Pos­si­bil­ities that come to mind:

(0) My ob­ser­va­tion is wrong and/​or the whole ques­tion is mis­guided.

(1) The fo­cus in ma­chine learn­ing is on al­gorithms that can perform well on large data sets. Thus, for in­stance, pro­bit mod­els may be aca­dem­i­cally use­ful but don’t scale up as well as lo­gis­tic re­gres­sion.

(2) Aca­demic so­cial sci­en­tists take time to catch up with new ma­chine learn­ing ap­proaches. Of the meth­ods men­tioned above, ran­dom forests and sup­port vec­tor ma­chines was in­tro­duced as re­cently as 1995. Neu­ral net­works are older but their prac­ti­cal im­ple­men­ta­tion is about as re­cent. More­over, the prac­ti­cal im­ple­men­ta­tions of these al­gorithm in the stan­dard statis­ti­cal soft­wares and pack­ages that aca­demics rely on is even more re­cent. (This re­lates to point (4)).

(3) Aca­demic so­cial sci­en­tists are fo­cused on pub­lish­ing pa­pers, where the goal is gen­er­ally to de­ter­mine whether a hy­poth­e­sis is true. There­fore, they rely on ap­proaches that have clear rules for hy­poth­e­sis test­ing and for es­tab­lish­ing statis­ti­cal sig­nifi­cance (see also this post of mine). Many of the new ma­chine learn­ing ap­proaches don’t have clearly defined statis­ti­cal ap­proaches for sig­nifi­cance test­ing. Also, the strength of ma­chine learn­ing ap­proaches is more ex­plo­ra­tory than test­ing already for­mu­lated hy­pothe­ses (this re­lates to point (5)).

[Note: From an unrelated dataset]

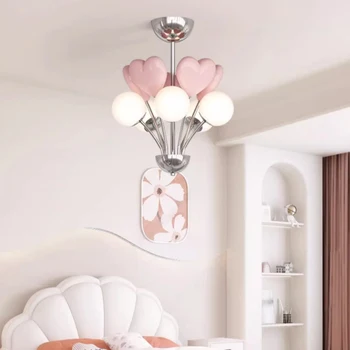 Романтични полилеи за спални Цветна лампа във формата на сърце Изчистен Скандинавски Топъл Декор за спалня на Принцеса За малко момиче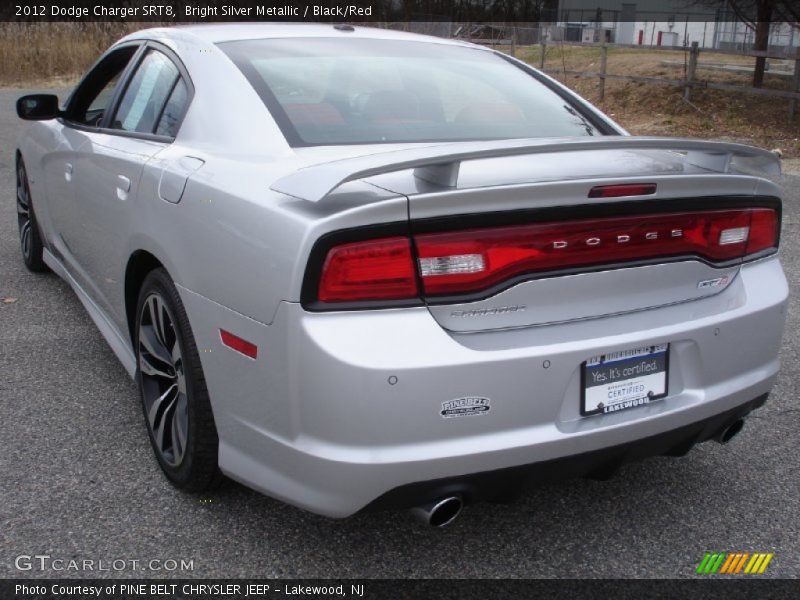 Bright Silver Metallic / Black/Red 2012 Dodge Charger SRT8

(4) Some of the new meth­ods are com­pli­cated to code, and aca­demic so­cial sci­en­tists don’t know enough math­e­mat­ics, com­puter sci­ence, or statis­tics to cope with the meth­ods (this may change if they’re taught more about these meth­ods in grad­u­ate school, but the rel­a­tive new­ness of the meth­ods is a fac­tor here, re­lat­ing to (2)).

(5) It’s hard to in­ter­pret the re­sults of fancy ma­chine learn­ing tools in a man­ner that yields so­cial sci­en­tific in­sight. The re­sults of a lin­ear or lo­gis­tic re­gres­sion can be in­ter­preted some­what in­tu­itively: the pa­ram­e­ters (co­effi­cients) as­so­ci­ated with in­di­vi­d­ual fea­tures de­scribe the ex­tent to which those fea­tures af­fect the out­put vari­able. Mo­dulo is­sues of fea­ture scal­ing, larger co­effi­cients mean those fea­tures play a big­ger role in de­ter­min­ing the out­put. Pair­wise and list­wise R^2 val­ues provide ad­di­tional in­sight on how much sig­nal and noise there is in in­di­vi­d­ual fea­tures. But if you’re look­ing at a neu­ral net­work, it’s quite hard to in­fer hu­man-un­der­stand­able rules from that. (The op­po­site di­rec­tion is not too hard: it is pos­si­ble to con­vert hu­man-un­der­stand­able rules to a de­ci­sion tree and then to use a neu­ral net­work to ap­prox­i­mate that, and add ap­pro­pri­ate fuzzi­ness. But the neu­ral net­works we ob­tain as a re­sult of ma­chine learn­ing op­ti­miza­tion may be quite differ­ent from those that we can in­ter­pret as hu­mans). To my knowl­edge, there haven’t been at­tempts to rein­ter­pret neu­ral net­work re­sults in hu­man-un­der­stand­able terms, though Se­bas­tian Kwiatkowski’s com­ment on my Face­book post points to an ex­am­ple where the re­sults of naive Bayes and SVM clas­sifiers for ho­tel re­views could be trans­lated into hu­man-un­der­stand­able terms (namely, re­views that men­tioned phys­i­cal as­pects of the ho­tel, such as “small bed­room”, were more likely to be truth­ful than re­views that talked about the rea­sons for the visit or the com­pany that spon­sored the visit). But Kwiatkowski’s com­ment also pointed to other in­stances where the ma­chine’s al­gorithms weren’t hu­man-in­ter­pretable.

What’s your per­sonal view on my main ques­tion, and on any re­lated is­sues?